____ Records for the exercise
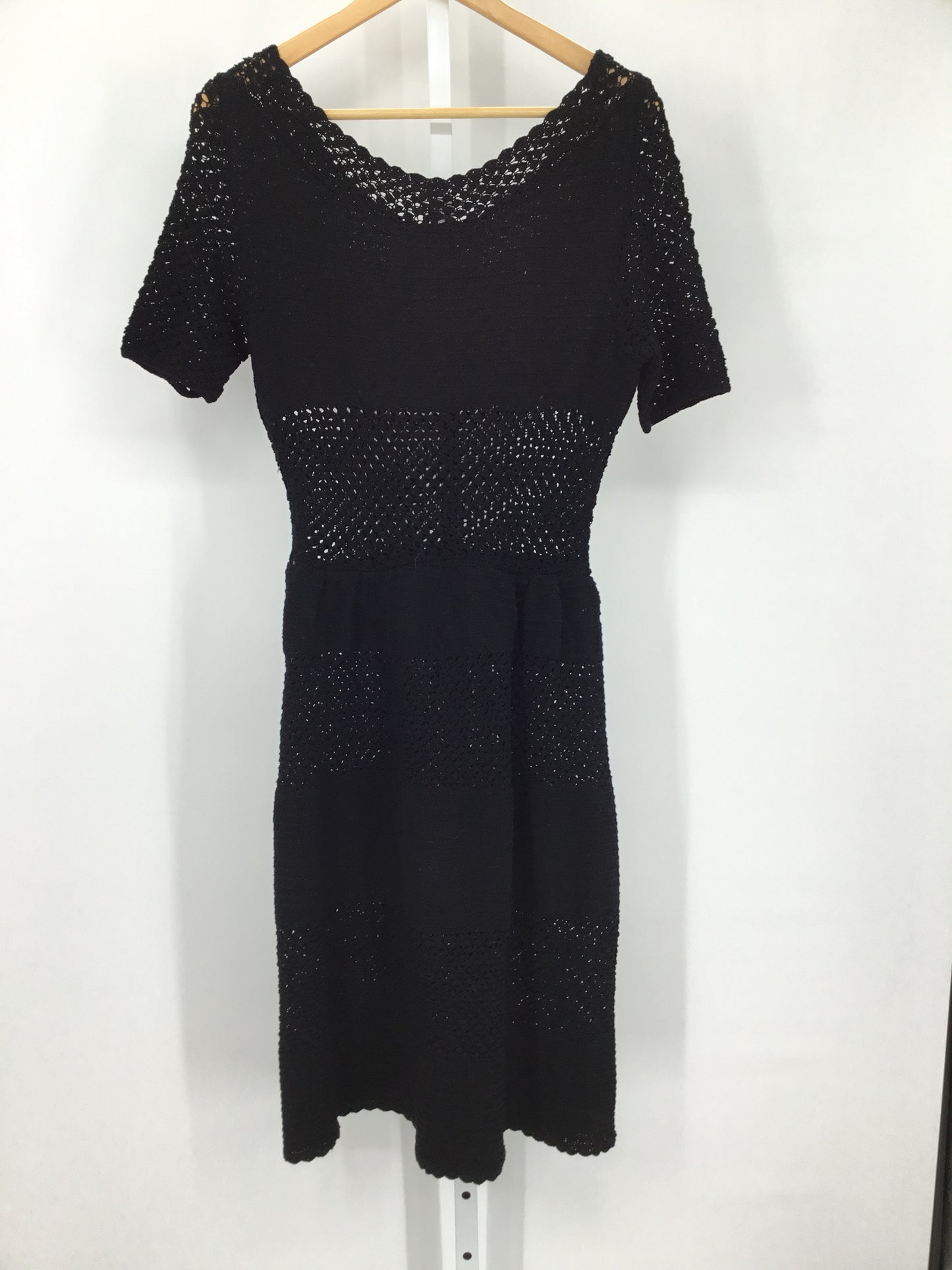 Vintage Black Casual Dress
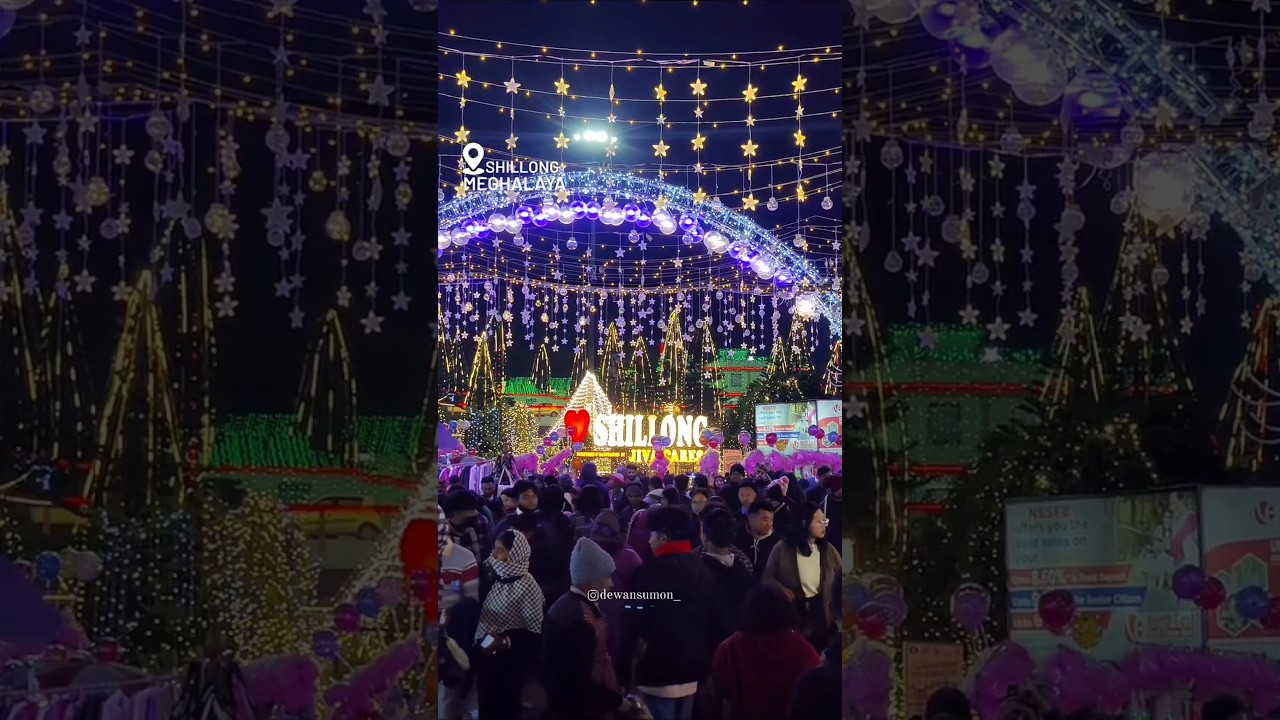 Shillong Christmas 🇮🇳🎆#Christmas #shillong #meghalaya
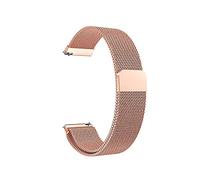 BNCXMO Cinghia di orologio in metallo in acciaio inossidabile in acciaio inossidabile 18/22 mm Accessori per orologi per orologi a testa piatta/rosso/18 mm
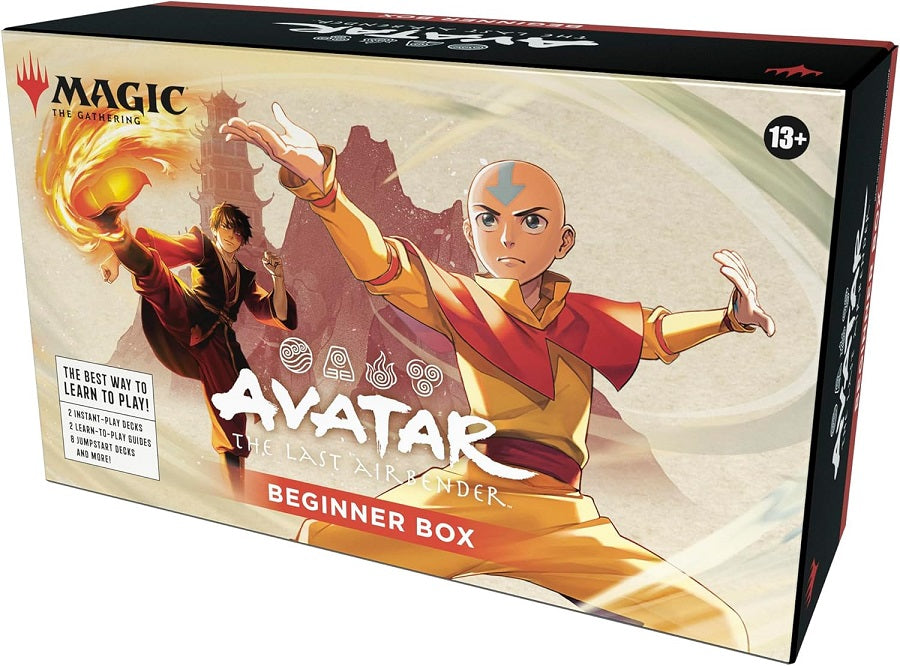 Your Magic: The Gathering journey begins with a friend beside you! Play your very first game in a guided battle of Aang versus Zuko. Choose your side and send your forces to your opponent while learning essential gameplay lessons. Then, once you've conquered the basics, master the remaining elements with Avatar: The Last Airbender-themed decks—just combine two packs and you're ready to go!
Contents:
2 instant-play decks
2 learn-to-play guides
1 rules reference guide
2 playmats
8 Themed decks
2 Spindown™ l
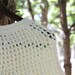 Crochet Shoulder Wrap -- White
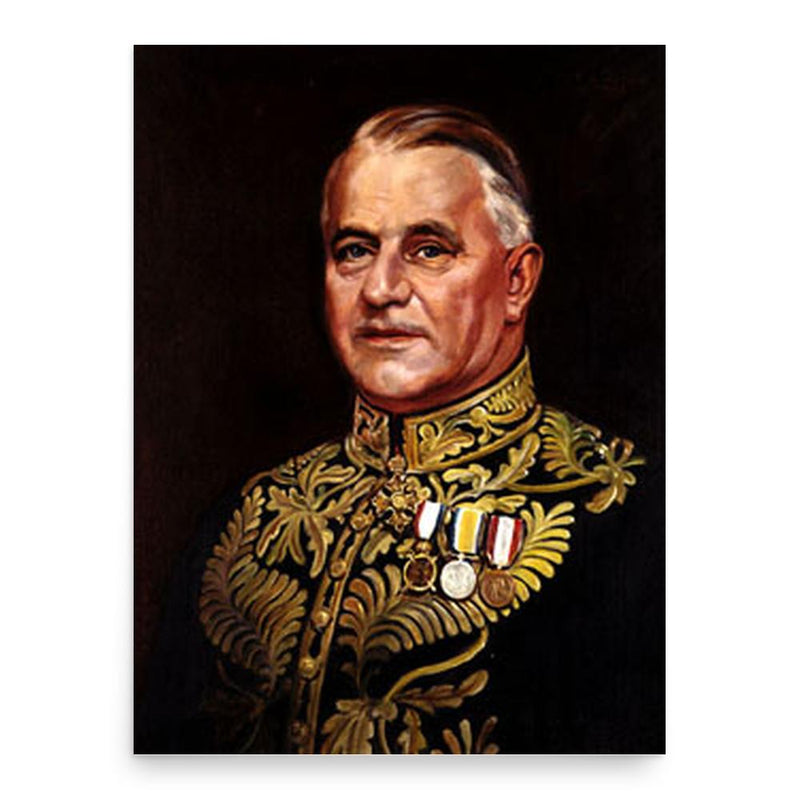 Clarence Wallace poster print, in size 18x24 inches.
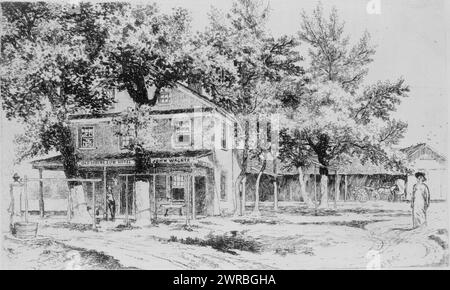 The Rising Sun Tavern, Pennell, Joseph, 1857-1926, artist, 1880, 1 print: etching, 11.7 x 19.1 cm Stock Photo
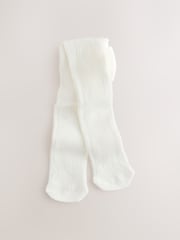 Ecru Cable/Ribbed Baby Tights 3 Pack (0mths-2yrs) - Image 4 of 6
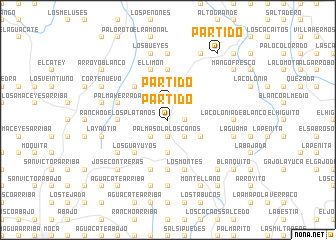 map of Partido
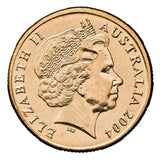 Australia 2004 $1 Aluminium-Bronze Uncirculated 20-Coin Heads/Tails Mint Roll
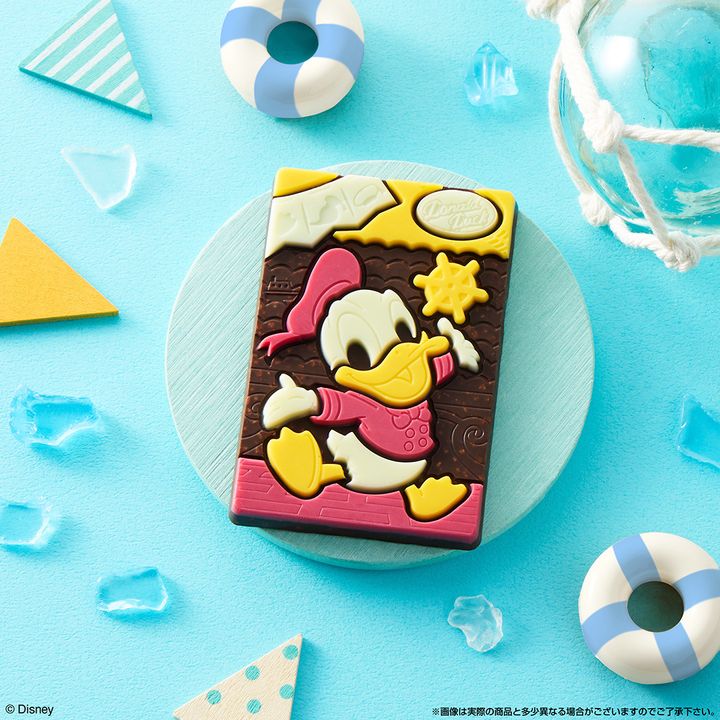 バンダイ ディズニー「Disney Characters キャラパキ チョコレート」ドナルドダック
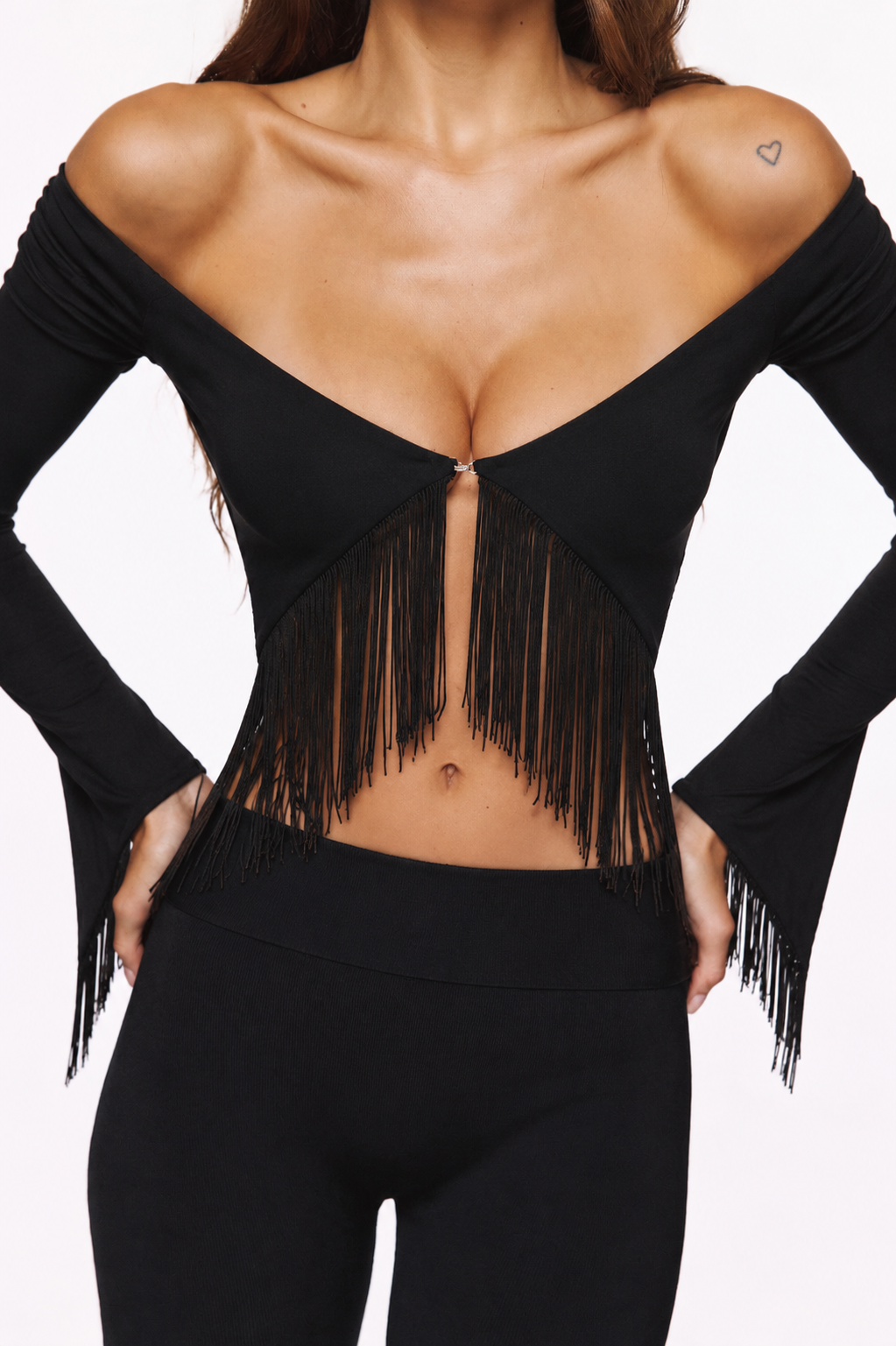 Rodeo Muse Fringe Top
________
- Task to carry out
Return nothing except the lines from the line with "1 rules reference guide" through the last line of the records above, copied exactly and without pictures.

- Answer box
1 rules reference guide
2 playmats
8 Themed decks
2 Spindown™ l
 Crochet Shoulder Wrap -- White
 Clarence Wallace poster print, in size 18x24 inches.
 The Rising Sun Tavern, Pennell, Joseph, 1857-1926, artist, 1880, 1 print: etching, 11.7 x 19.1 cm Stock Photo
 Ecru Cable/Ribbed Baby Tights 3 Pack (0mths-2yrs) - Image 4 of 6
 map of Partido
 Australia 2004 $1 Aluminium-Bronze Uncirculated 20-Coin Heads/Tails Mint Roll
 バンダイ ディズニー「Disney Characters キャラパキ チョコレート」ドナルドダック
 Rodeo Muse Fringe Top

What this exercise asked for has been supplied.